Indonesia has ordered independent foreign aid workers to leave the quake zone and said foreign groups with staff in the disaster area on Sulawesi island should pull them out. The official death toll in Sulawesi stands at 1,948, with most of the fatalities in Palu, a small city that bore the brunt of the disaster. No-one knows how many people are missing, especially in areas of southern Palu devastated by soil liquefaction, but it could be as high as 5,000, the national disaster agency said. About 70,000 people have been displaced.

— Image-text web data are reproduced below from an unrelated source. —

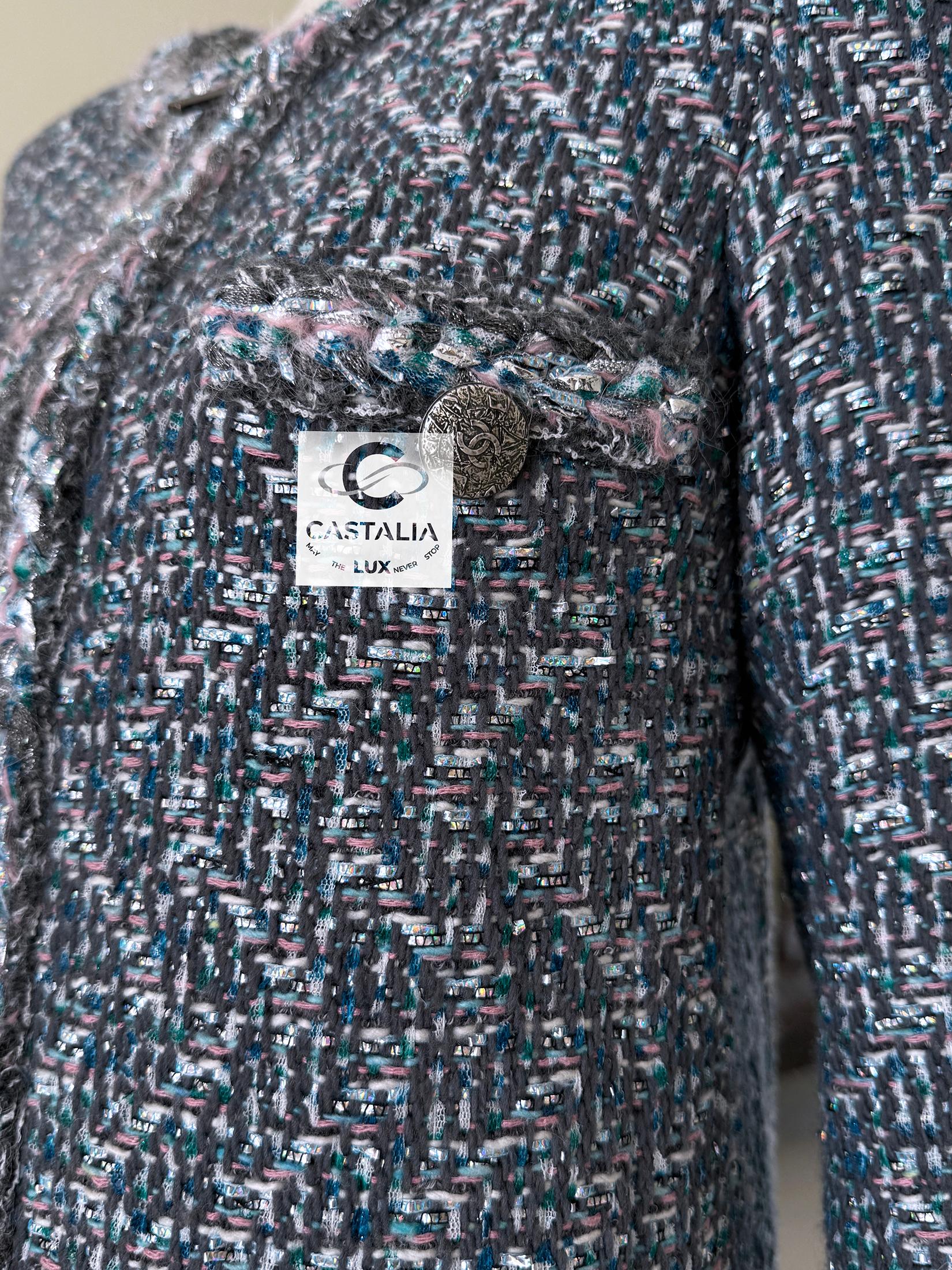 Chanel Supermarket Collection Lesage Tweed Coat 36 FR For Sale 15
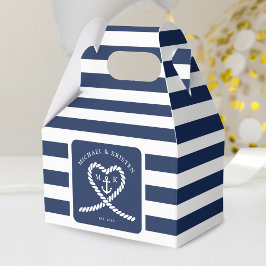 Nautical Blue Stripe Heart Anchor Bröllop Presentaskar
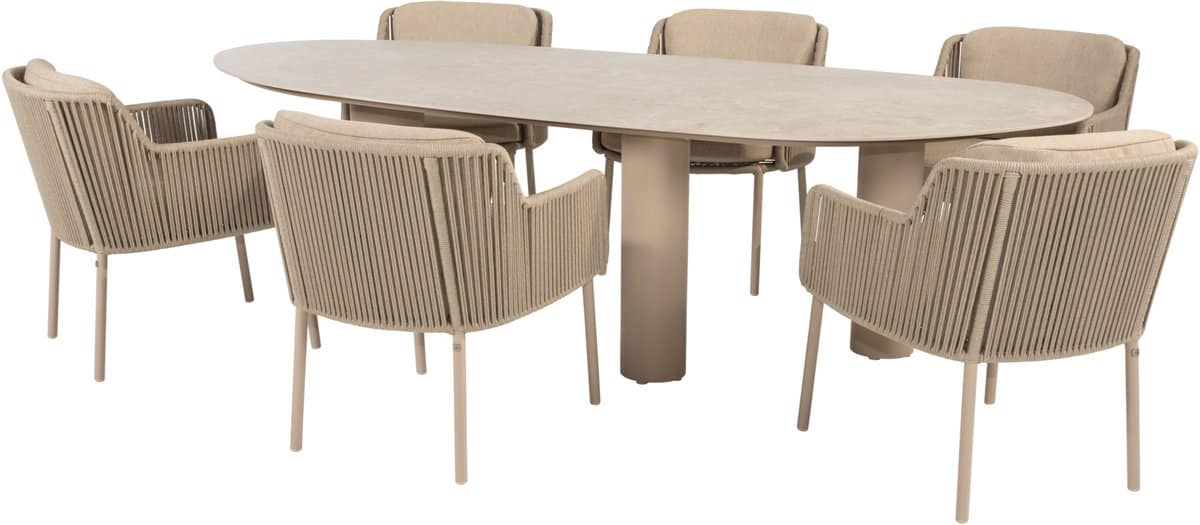estate bernini dining tuinset 240x105xh75 cm mango 7 delig keramiek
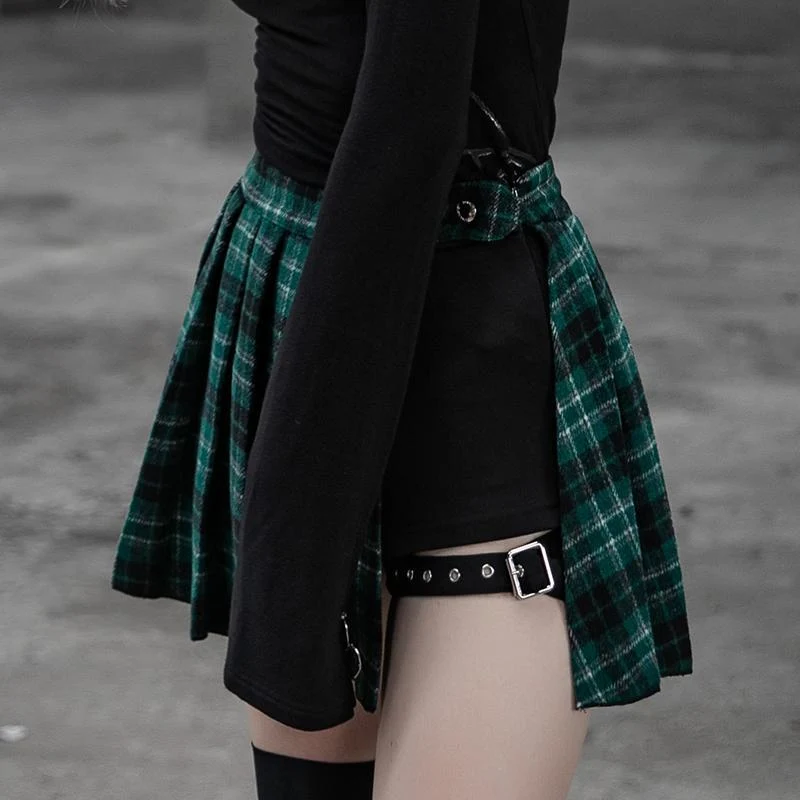 Frauen Punk zweiteilige unregelmäßige A-Line Plaid Faltenröcke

Indonesia tells independent foreign aid workers to leave quake zone
Indonesia has traditionally been reluctant to be seen as relying on outside help to cope with disasters, and the Government shunned foreign aid this year when earthquakes struck the island of Lombok.

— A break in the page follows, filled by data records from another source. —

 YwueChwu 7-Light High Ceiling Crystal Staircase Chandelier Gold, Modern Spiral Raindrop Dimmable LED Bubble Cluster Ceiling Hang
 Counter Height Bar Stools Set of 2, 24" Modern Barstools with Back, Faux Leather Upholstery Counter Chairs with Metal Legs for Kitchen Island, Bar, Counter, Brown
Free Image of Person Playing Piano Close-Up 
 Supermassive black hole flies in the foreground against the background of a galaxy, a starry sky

But it has accepted help from abroad to cope with the aftermath of a magnitude-7.5 quake and tsunami that hit the west coast of Sulawesi on September 28.
Despite that, some foreign groups say they have faced difficulties getting entry permits to bring in staff and equipment, and there has been confusion about the rules.
There have long been restrictions on the activity of foreign aid workers, and the national disaster agency, in a notice posted on Twitter, set the rules out for foreign non-governmental organisations (NGOs).
Foreign groups are not allowed to “go directly to the field” but must conduct all activities “in partnership with local partners”, it said.
“Foreign citizens who are working with foreign NGOs are not allowed to conduct any activity on the sites affected,” the agency said in its English-language notice.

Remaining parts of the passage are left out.